Got news from Rob Morton on Monday that over the weekend an artist whose work I’ve praised here on the blog passed away. Jeff Hanson was only 31 years old, and apparently died after taking a bad fall to a concrete floor in his new apartment. His music was sweet and beautiful, reminiscent of the late Elliott Smith (my old friend Darren from the Euclid Records days said of Hanson: “He was like the Elliott Smith you didn’t feel compelled to worry about.” If only…) but with a little less of the edge of lurking psychosis that fueled the sharpness of Smith’s music.
As incredible a talent as Jeff was, and as haunting as his voice was, what was even cooler was that the guy was a genuinely nice fellow.
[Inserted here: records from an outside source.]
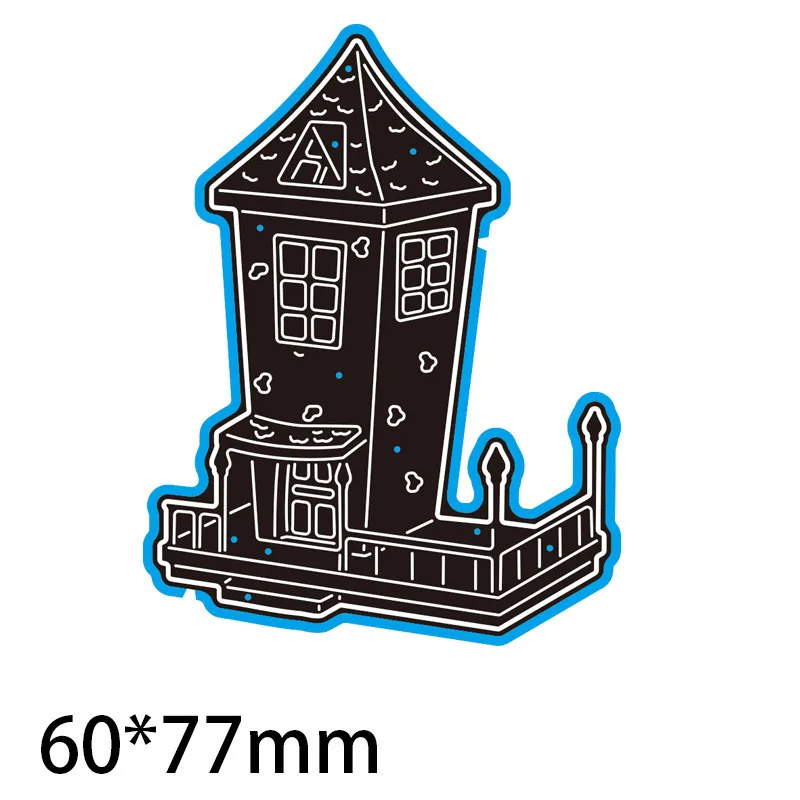 

Cutting Dies Halloween Atmosphere House Metal Carbon Embosse DIY Album Paper Scrapbooking Cards Postcards Handmade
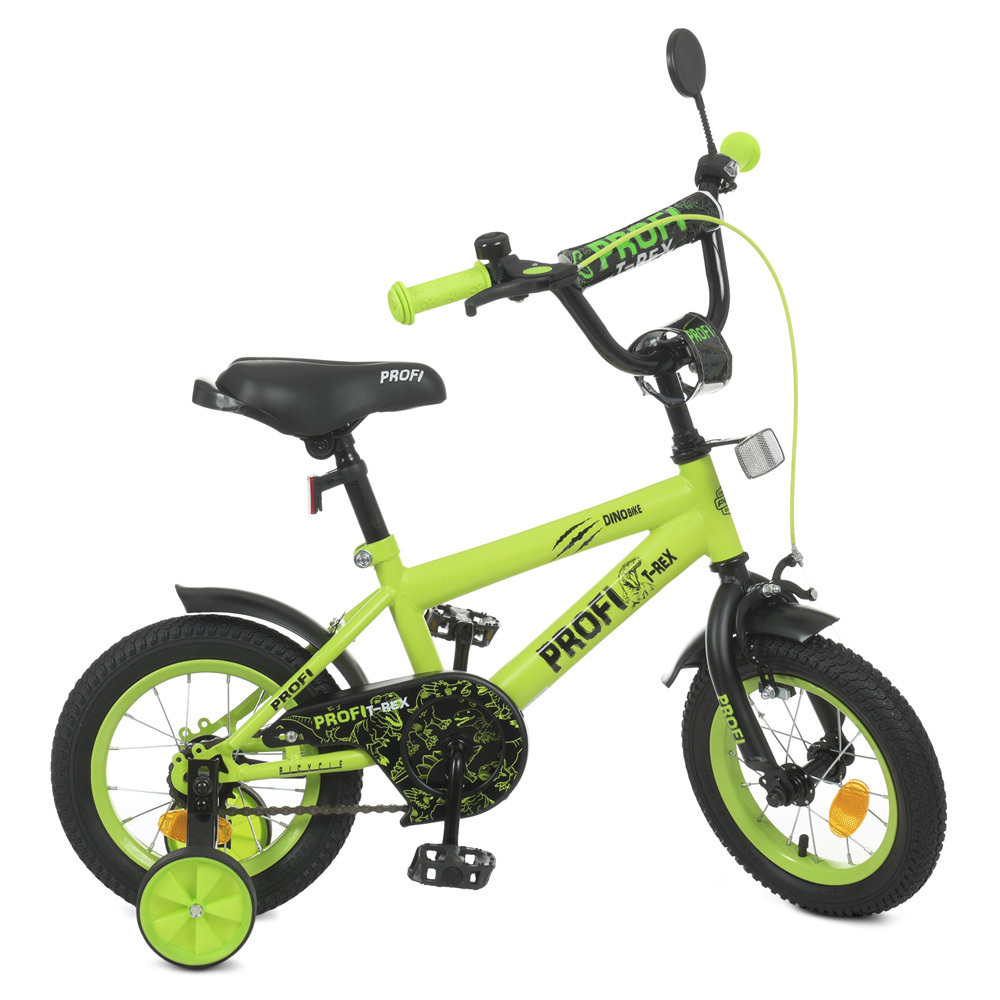 

Велосипед PROFI Dino SKD45 12" Black-Lime (Y1271)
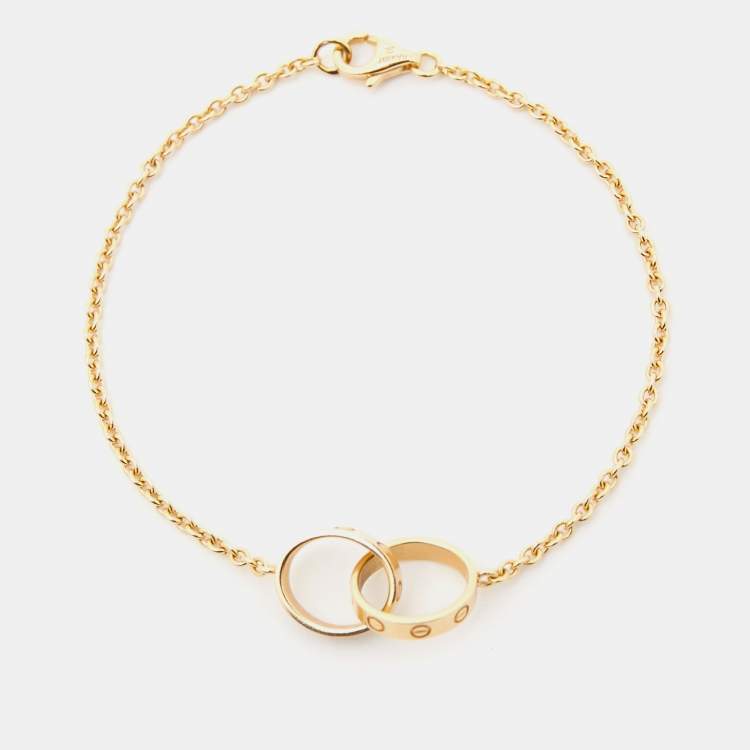 مملوكة مسبقًا Cartier Love Interlocking Loops 18k Yellow Gold Bracelet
He wrote me an email or two over the years, and he and I threw down a couple of beers at a live show a year or so ago and he was also one of the funniest guys I’ve met in the industry. Like, really funny, in an effortless way. When I saw him play it was during football season and the Packers were making a nice run in Favre’s last season and he was mostly interested in *that*; guy loved The Pack. He was way too young to have left us, and while I guess we should be thankful for the wonderful body of work he left, I can’t help but think that he’d have continued to evolve as an artist and eventually find a much wider audience…and I feel very sad for the opportunity lost.
I’m getting tired of inscribing names into the Pop Narcotic Marble Index. Y’all take care of yourselves. Please?